Su lavoce.info, Massimo Bordignon e Nerina Dirindin esaminano lo stato di avanzamento (si fa per dire) dei lavori federalisti, con particolare riferimento ai costi standard nella sanità, giungendo alla conclusione che siamo ancora avvolti dalla più fitta nebbia, oltre al fatto che pare esistere un robusto rischio di involuzione rispetto allo status quo.

Premesso che i due decreti finora approvati (federalismo demaniale e Roma Capitale) sono ancora una volta scatole vuote in attesa di futuri e futuribili criteri di riparto, la situazione è di paralisi conclamata riguardo ai costi standard della sanità, dove il conflitto oppone regioni del Nord a quelle del Sud.

L’ultima versione prevede la preventiva quantificazione di “un fabbisogno sanitario nazionale (ora denominato fabbisogno standard), alla luce delle compatibilità delle finanze pubbliche, fondo che viene ripartito tra le diverse Regioni”. E fin qui, non ci servono rocket scientists. Il problema è che questo criterio macroeconomico e di compatibilità finanziaria rischia di essere insufficiente ed insoddisfacente, perché va incrociato con i livelli essenziali di assistenza.

Giù per li rami, anche i criteri di riparto del fabbisogno nazionale sono quelli già adottati in passato (quota procapite ponderata per l’età della popolazione), ma questa volta applicata sul 100 per cento della spesa, eliminando quindi la componente di spesa sanitaria che è indipendente dall’età. Non si considerano inoltre altri indici, quali quello di deprivazione, che consentirebbero di stimare la variabilità del fabbisogno sanitario a parità di struttura di età della popolazione. Superfluo segnalare che l’adozione di questi criteri correttivi determinerebbe maggiori trasferimenti sanitari verso il Mezzogiorno.

Altro criterio di dimensionamento generale del fondo sanitario “federale” è quello dei criteri di determinazione delle regioni-benchmark, ove si è passati dal pareggio di bilancio a criteri di “qualità, appropriatezza ed efficienza”. Che se da un lato evita che si prendano a modello le regioni che tagliano l’assistenza per puntare al pareggio di bilancio, dall’altro introduce nuovo fumo nella determinazione dei criteri.Last but not least, le regioni-benchmark sono salite da 3 a 5. Ma così facendo aumenta la probabilità che si fotografi l’esistente.

Che nel percorso di dimensionamento delle risorse e dei criteri di riparto vi siano innumerevoli trade-off e difficoltà definitorie era risaputo.

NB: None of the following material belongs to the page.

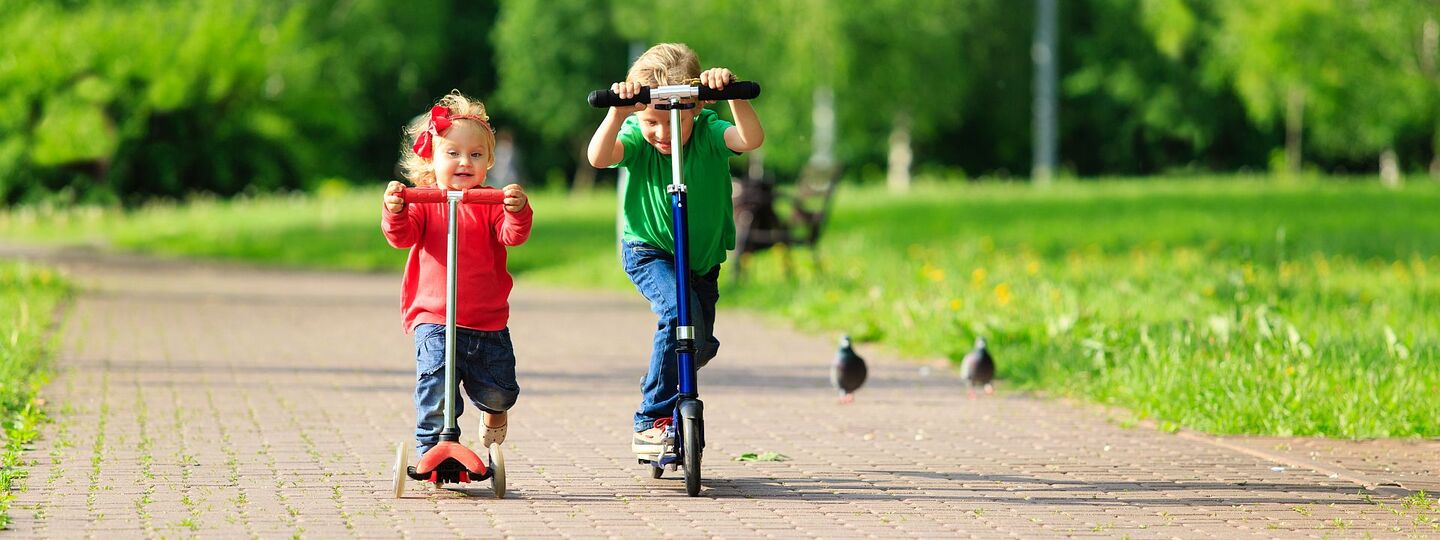 Ein kleines Mädchen und ein kleiner Junge fahren mit dem Tretroller bzw. Micro-Scooter auf einem Gehsteig im Park.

Si poteva agevolmente ipotizzare che la ricerca del minimo comune denominatore avrebbe determinato forti pressioni al ribasso, diluendo la riforma. Quello che si continua a non capire è l’entusiasmo di Bossi e compari per una riforma che semplicemente non esiste, e che ha un’alta e (a questo punto) crescente probabilità di non vedere mai la luce.

Ovvio che la base leghista meno instupidita dalla propaganda cominci a porre domande, e lo faccia con frequenza crescente. La reazione di Bossi è prevedibile: utilizzare le sagre paesane per far battute da trivio e rimbecillire di loghi padani il suo popolo. Anche in questo caso vale quello che diciamo da anni per Berlusconi: fino a che punto l’elettorato continuerà a bersi tutte queste panzane, propalate con il carburante del “nemico interno”, dei ladri romani, dei giudici comunisti, della casa di Montecarlo e del destino cinico e baro? Dobbiamo proprio giungere alla conclusione che gli italiani (padani inclusi) hanno un’elevata predisposizione a farsi coglionare?